> To do
Every line below from the one containing "LGU Sterling Silver" through the one containing "Adil’s 10FT Adjustable" is to be printed exactly, with the pictures omitted.

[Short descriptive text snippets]
-=-=-
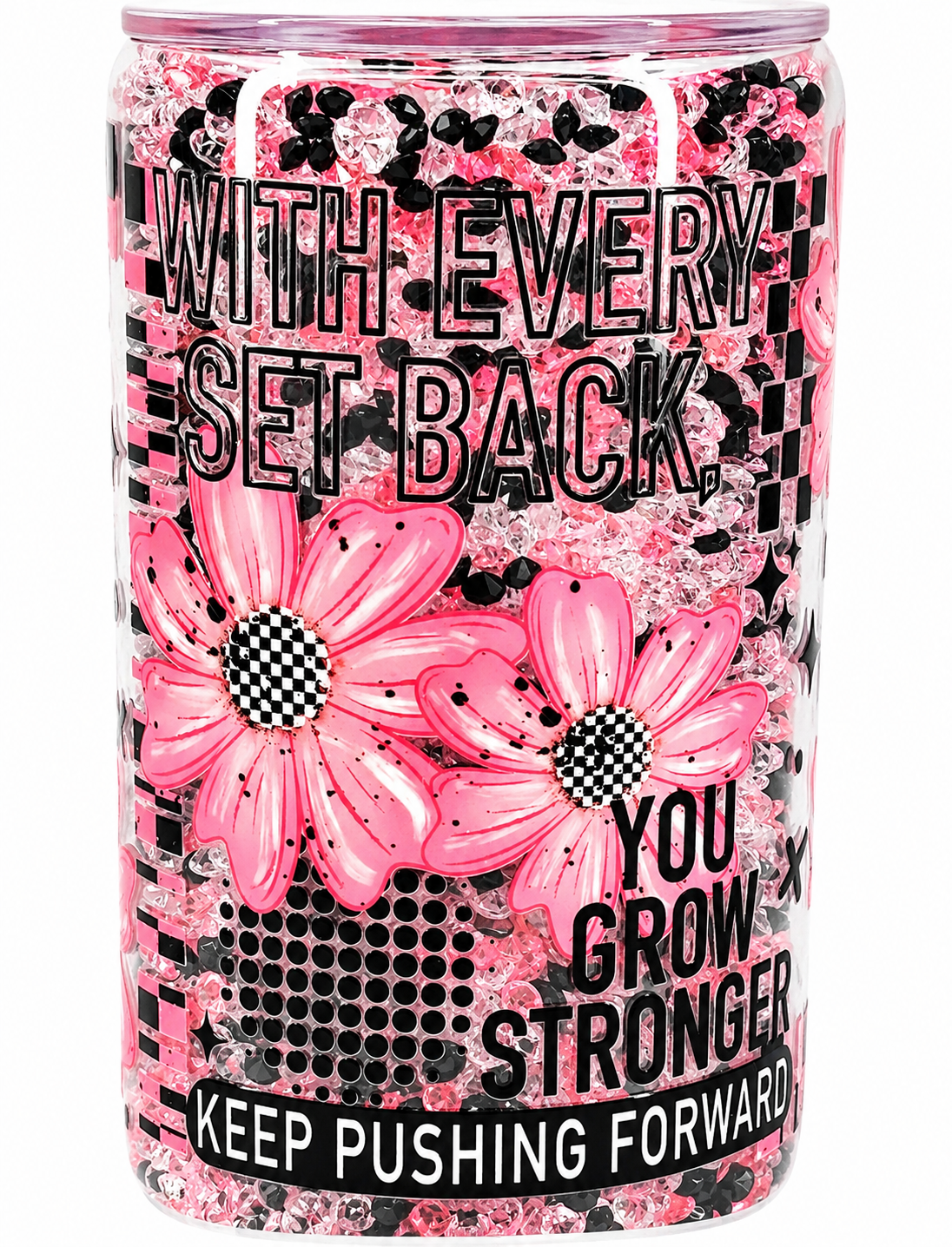 With every setback crystal snow globe cup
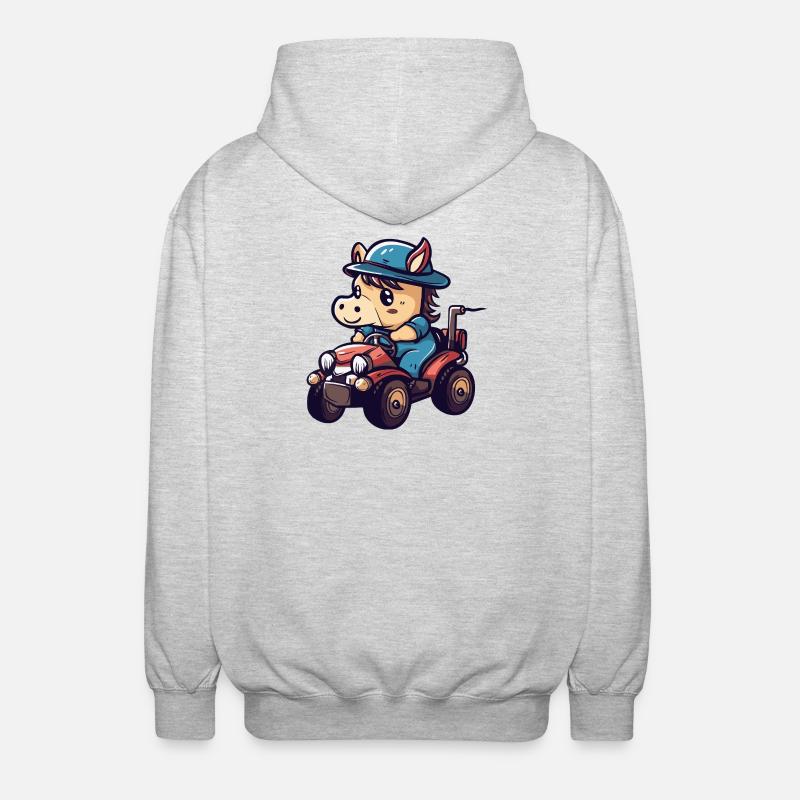 Pferd Traktor Farmer - Unisex Kapuzenjacke - Hellgrau meliert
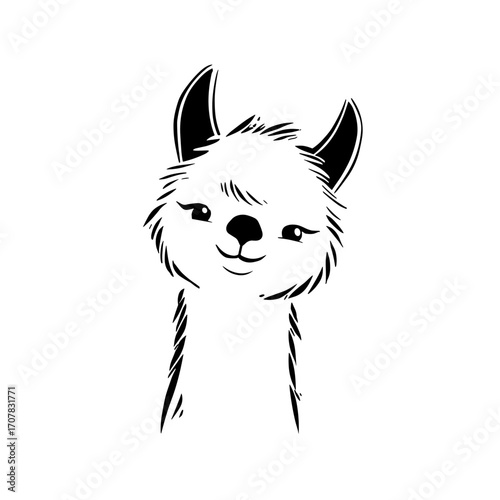 alpaca. alpaca simple black and white line art vector logo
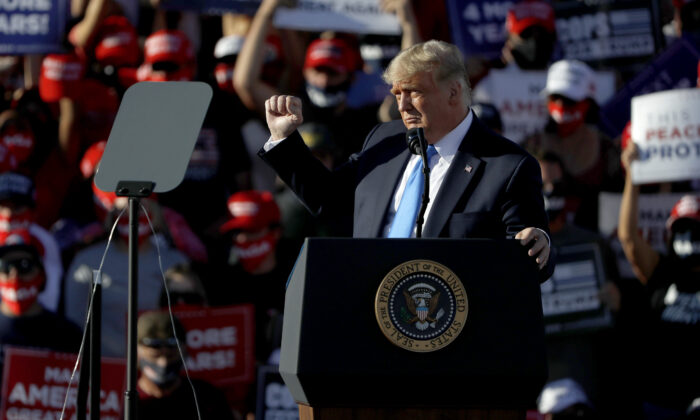 President Donald Trump gestures during a campaign rally in Carson City, Nevada, on Oct. 18, 2020. (Stephen Lam/Getty Images)
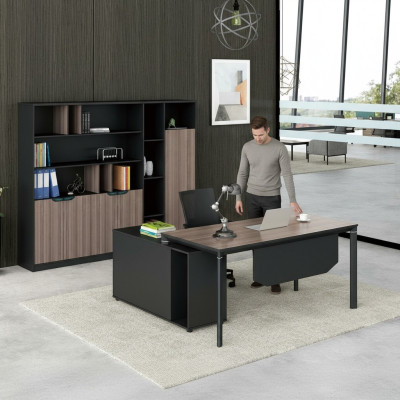 Office Set Complete Office Corner Desk File Cabinets 2-piece with Cable Duct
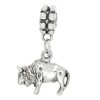 LGU Sterling Silver Oxidized Buffalo Bison Dangle Bead Charm
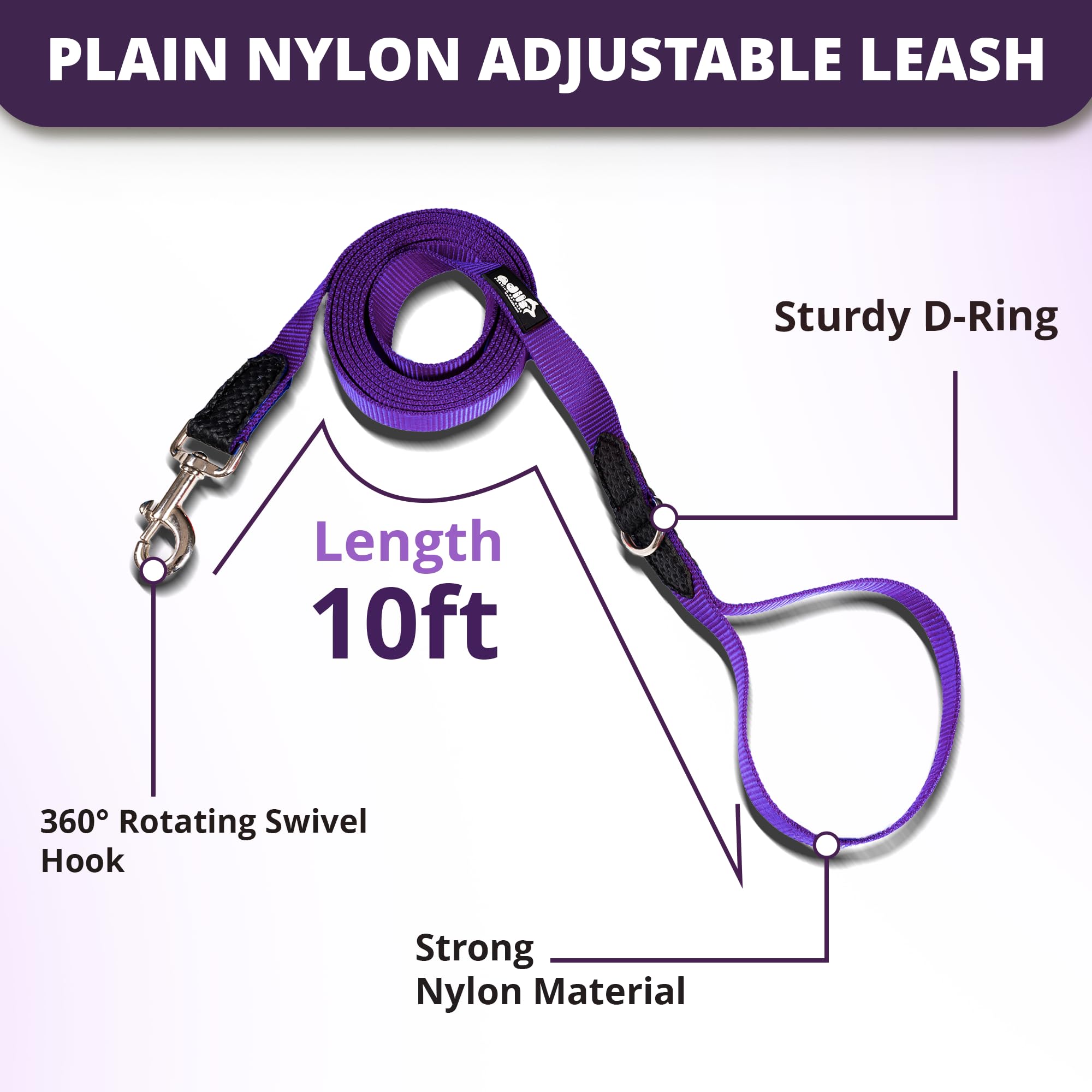 Adil’s 10FT Adjustable Dog Leash Features a Soft Leather Handle, Strong Nylon, and a 360° Swivel Hook—Durable, Comfy, and Ideal for Small to Large Dogs.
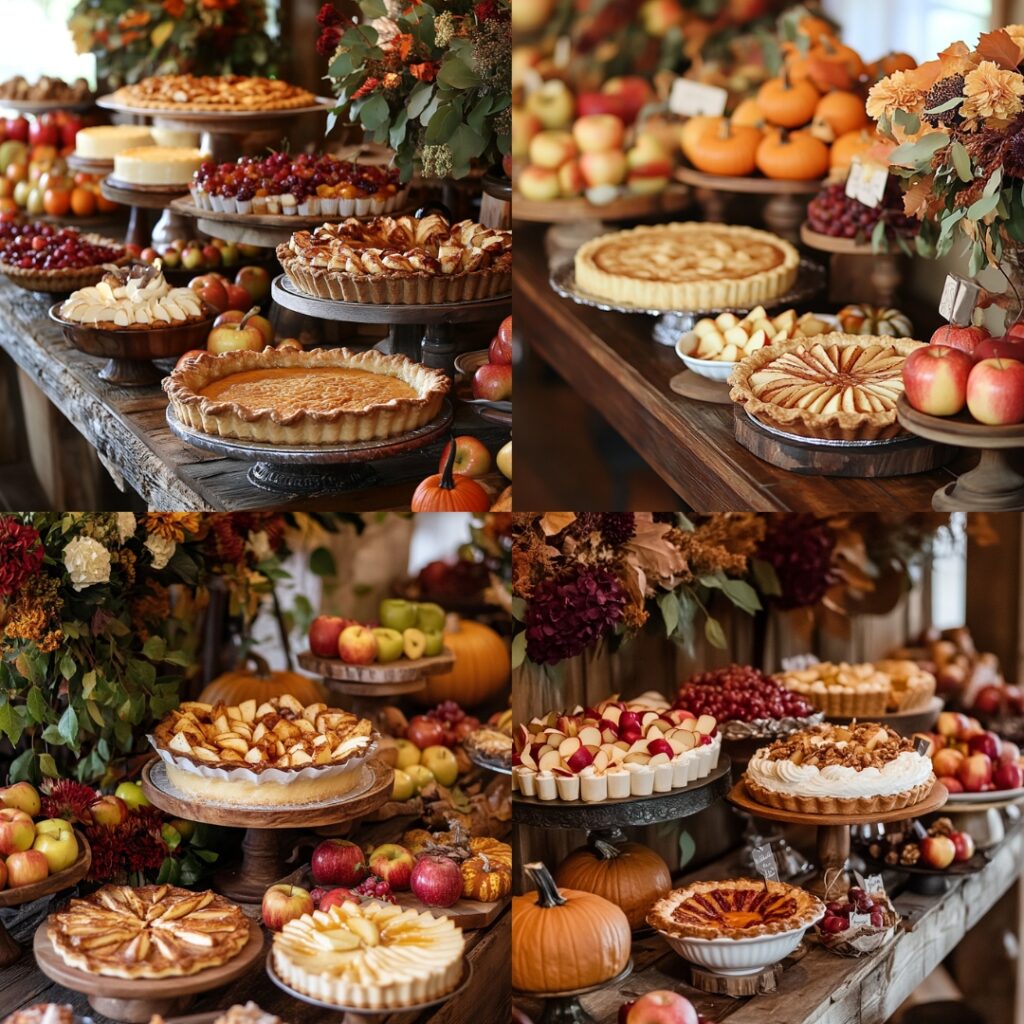 An autumn harvest dessert table featuring seasonal fruits like apples and pumpkins, decorated with rich fall colors and rustic elements, showcasing spiced apple pie and pumpkin cheesecake.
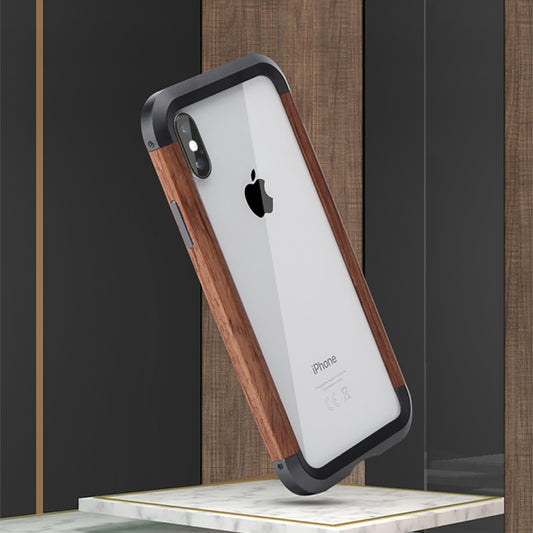 For iPhone X / XS R-JUST Metal + Wood Frame Protective Case by R-JUST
-=-=-
> Exercise response
 LGU Sterling Silver Oxidized Buffalo Bison Dangle Bead Charm
 Adil’s 10FT Adjustable Dog Leash Features a Soft Leather Handle, Strong Nylon, and a 360° Swivel Hook—Durable, Comfy, and Ideal for Small to Large Dogs.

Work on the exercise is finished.